Wayne Drier: Thank you, Makko. Our financial results reflect record copper production in the fourth quarter, as well as improved metal prices and stronger operating margins for the full year. These factors contributed to cash flow from operations of $60.8 million for the quarter and $145.4 million for the full year. Adjusted EBITDA for the quarter and year were equally strong at $59.1 million and $216.2 million, respectively. During the fourth quarter, we experienced increased foreign exchange volatility, particularly around the U.S. presidential election. This included significant fluctuations in the U.S. dollar to Brazilian real exchange rate and the real ended the year at over 6 to the dollar. As a result, we reported realized losses of $5.9 million for the quarter and $8.2 million for the year on foreign exchange hedges we implemented in late 2023 to mitigate the risk of the real strengthening against the U.S. dollar during Tucuma’s construction and ramp-up.

At quarter end, our total notional foreign exchange derivative position stood at $390 million, consisting of zero cost collars with a weighted average floor and ceiling of BRL5.43 and BRL6.49 per dollar, respectively, extending through the end of 2025. These realized foreign exchange losses impacted adjusted net income by approximately $0.06 per share for the quarter and $0.08 per share for the year.
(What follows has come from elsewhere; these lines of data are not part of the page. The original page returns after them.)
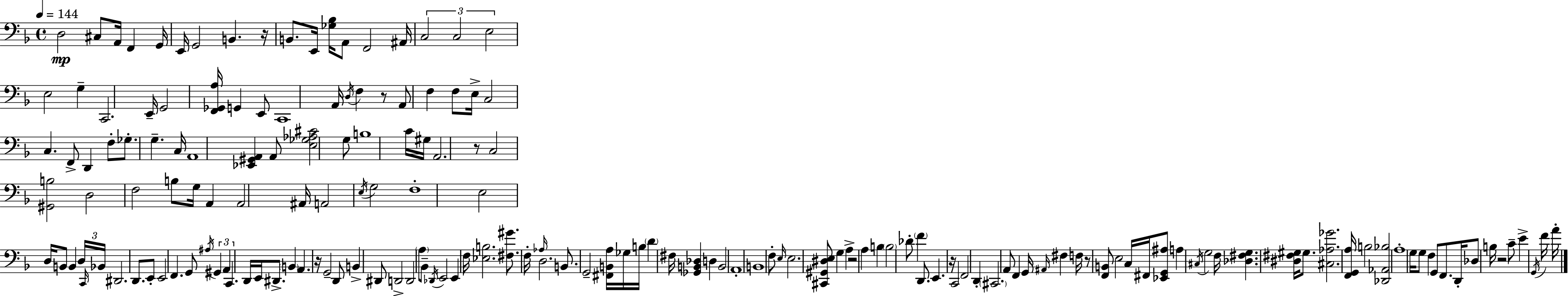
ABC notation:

X:1
T:Untitled
M:4/4
L:1/4
K:Dm
D,2 ^C,/2 A,,/4 F,, G,,/4 E,,/4 G,,2 B,, z/4 B,,/2 E,,/4 [_G,_B,]/4 A,,/2 F,,2 ^A,,/4 C,2 C,2 E,2 E,2 G, C,,2 E,,/4 G,,2 [F,,_G,,A,]/4 G,, E,,/2 C,,4 A,,/4 D,/4 F, z/2 A,,/2 F, F,/2 E,/4 C,2 C, F,,/2 D,, F,/2 _G,/2 G, C,/4 A,,4 [_E,,^G,,A,,] A,,/2 [E,_G,_A,^C]2 G,/2 B,4 C/4 ^G,/4 A,,2 z/2 C,2 [^G,,B,]2 D,2 F,2 B,/2 G,/4 A,, A,,2 ^A,,/4 A,,2 E,/4 G,2 F,4 E,2 D,/4 B,,/2 B,, D,/4 C,,/4 _B,,/4 ^D,,2 D,,/2 E,,/2 E,,2 F,, G,,/2 ^A,/4 ^G,, A,, C,, D,,/4 E,,/4 ^D,,/2 B,, A,, z/4 G,,2 D,,/2 B,, ^D,,/2 D,,2 D,,2 A,/2 _B,,/2 _D,,/4 E,,2 E,, F,/4 [_E,B,]2 [^F,^G]/2 F,/4 _A,/4 D,2 B,,/2 G,,2 [^F,,B,,A,]/4 _G,/4 B,/4 D ^F,/4 [_G,,B,,_D,] D, B,,2 A,,4 B,,4 F,/2 E,/4 E,2 [^C,,^G,,^D,E,]/2 G, A, z2 A, B, B,2 _D/2 F D,,/2 E,, z/4 C,,2 F,,2 D,, ^C,,2 A,,/2 F,, G,,/4 ^A,,/4 ^F, F,/4 z/2 [F,,B,,]/2 E,2 C,/4 ^F,,/4 [_E,,G,,^A,]/2 A, ^C,/4 G,2 F,/4 [_D,^F,G,] [^D,^F,^G,]/4 ^G,/2 [^C,_A,_G]2 [F,,G,,A,]/4 B,2 [_D,,_A,,_B,]2 A,4 G,/4 G,/2 F, G,,/2 F,,/2 D,,/4 _D,/2 B,/4 z2 C/2 E G,,/4 F/4 A/4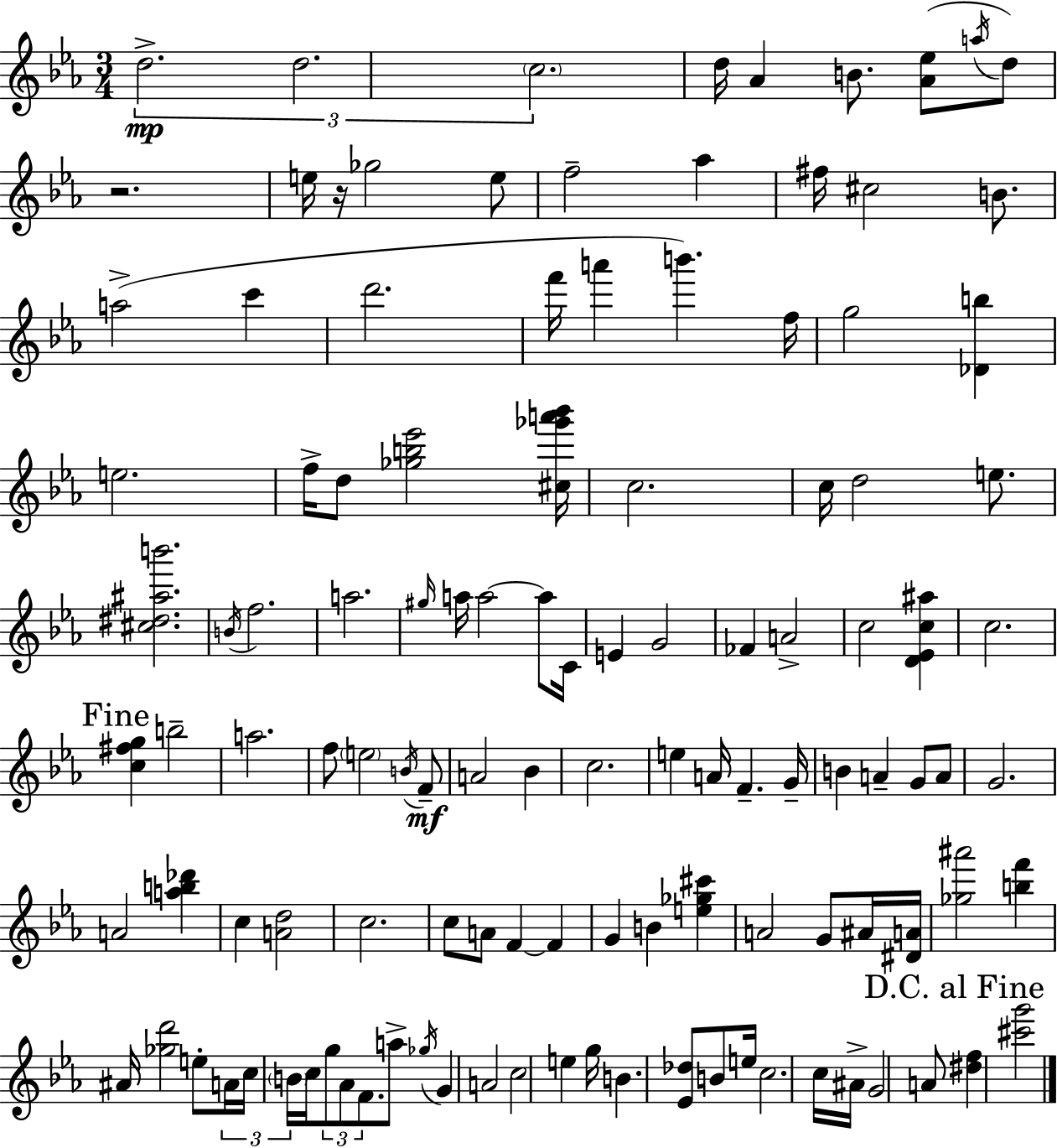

As a result, adjusted net income attributable to the owners of the company was $17.4 million in the fourth quarter or $0.17 per diluted share and $80.4 million for the full year or $0.78 per diluted share. Our liquidity position remains strong at approximately $90 million at year-end. As noted, in our financials, we further enhanced our financial flexibility shortly after year-end by amending our existing credit facility to support our expanded operating footprint.

This amendment increased total commitments from $150 million to $200 million extended the maturity date from December 2026 to December 2028 and secured a 25 basis point reduction in the applicable margin on drawn funds at certain leverage ratios. As a result, our pro forma available liquidity at year-end was $140.4 million. I’ll now pass the call back to Makko to share some concluding remarks.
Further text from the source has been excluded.